Algunas veces, en el interior del muro que dividía una estancia de la otra, podía circular el agua que venía del pozo al jardín y que caía después a una fuente, enfriando el lugar en el que se podían almacenar frutas y verduras por largo tiempo.

Los laboratorios de la alquimia conventual eran jolgorientas cocinas que, recubiertas con mosaicos de Talavera, albergaban fogones y hornillas empotrados en sus paredes interiores, de las que colgaban con orgullo de campeones cazuelas de cobre, ollas de barro, cucharas de madera y estaño, jícaras, tecomates, jarritos, metates y molcajetes dispuestos con la disciplina de una orquesta. Listos para el concierto de cada día, que comenzaba al alba y crecía en sabrosura e intensidad hasta bien entrada la tarde, para recobrar la serenidad tras la cena. Las monjas trabajaban hombro a hombro con las cocineras mexicanas.

“El intercambio de maneras de guisar, de tonos e ingredientes dio lugar a una cocina en la que los pucheros contuvieron, además de las hortalizas europeas, las calabazas, chayote, papa o el camote de estas tierras; los moles -molli- o salsas indígenas aceptaron pimienta negra, clavo y otras especias de las indias orientales”. (Buenrostro & Barros, 2001).

Jamones y tocinos se usaban con frecuencia, al igual que los chiles, frijoles, tomates, pepitas de calabaza, nopales, maíz y camote, mano a mano con zanahorias, acelgas, lentejas, habas, ajonjolí, queso y manteca. Frutas como el tamarindo o la piña preparaban a los paladares atrevidos para la experimentación con los sabores agridulces que tan bien se llevan con el cerdo y el cordero.

En los conventos podía haber tamales de almendra y buñuelos navideños elaborados con pulque o tequesquite para laudar la masa. Una receta especial de chocolate para halagar a los altos funcionarios, a las damas de la corte y al señor obispo contenía cacao de Guatemala, achiote, chile ancho, azúcar y canela, además de unas cuantas hojas de naranja para perfumar la espumosa delicia colonial.

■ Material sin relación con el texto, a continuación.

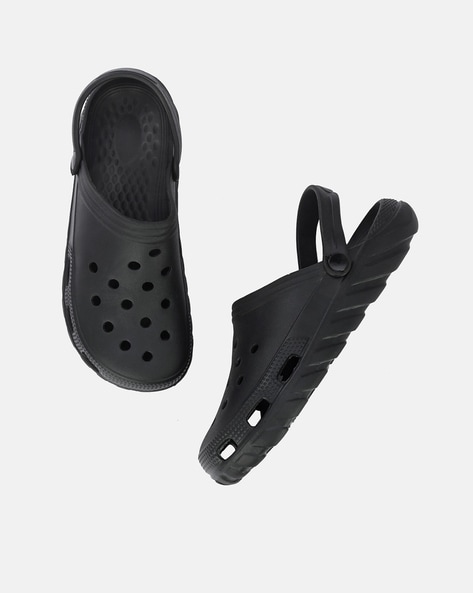 Fox crocs sale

Los ‘Pastelitos de Santa Isabel’ contenían maíz nixtamalizado seco, manteca derretida, huevos y azafrán y estaban rellenos con exquisitos picadillos. Pero la mayor contribución de los conventos a la cocina mexicana estuvo en la creación de un catálogo inmenso de dulces y postres a cual más creativo y sensual. Con la venta de estas delicias los conventos pudieron sufragar los gastos. Artemio del Valle Arizpe, cronista de los placeres de la boca, recuerda aquellos dulces que salían del convento como un ejército de ángeles.

“Sus dulces son una pura maravilla, la cima y el emporio del convento, sus alfajores, de tradición morisca, sus melindres y susamieles; sus yemitas acarameladas entre picados papelillos de diferente color, semejan extrañas flores, sus huevitos de faltriquera, sus alfeñiques, sus leves aleluyas, sus canelones de acitrón, sus tiranas de calabaza, sus refulgentes picones de camote con piña y almendra, de camote con naranja o camote con chabacano, sus sonrosadas panochitas de piñón, ligero rubor hecho dulce y sus eximios peteretes, sus mantecadas, y su gorja de ángeles y sus tortas pascuales y las empapeladas ya con barrocos dibujos de canela que exceden a todo gusto y a todo aroma”.

La dulcería fue una extraordinaria expresión del barroco mexicano. Su obsesión por la forma, la exaltación de los sentidos y la vitalidad con la que se trabajaron las técnicas y los ingredientes recuerdan el retablo de un altar recamado de oro, brillante y oscuro al mismo tiempo, imponente, abigarrado, y aun así, perfectamente armónico.

Un mundo secreto y escondido, mágico y sensual que dentro del convento desarrolla un amor casto y obediente, pero que al mismo tiempo alimenta una carnalidad sin límites en esa exploración del placer sutil instalado en pequeños caprichos de colores y formas inocentes.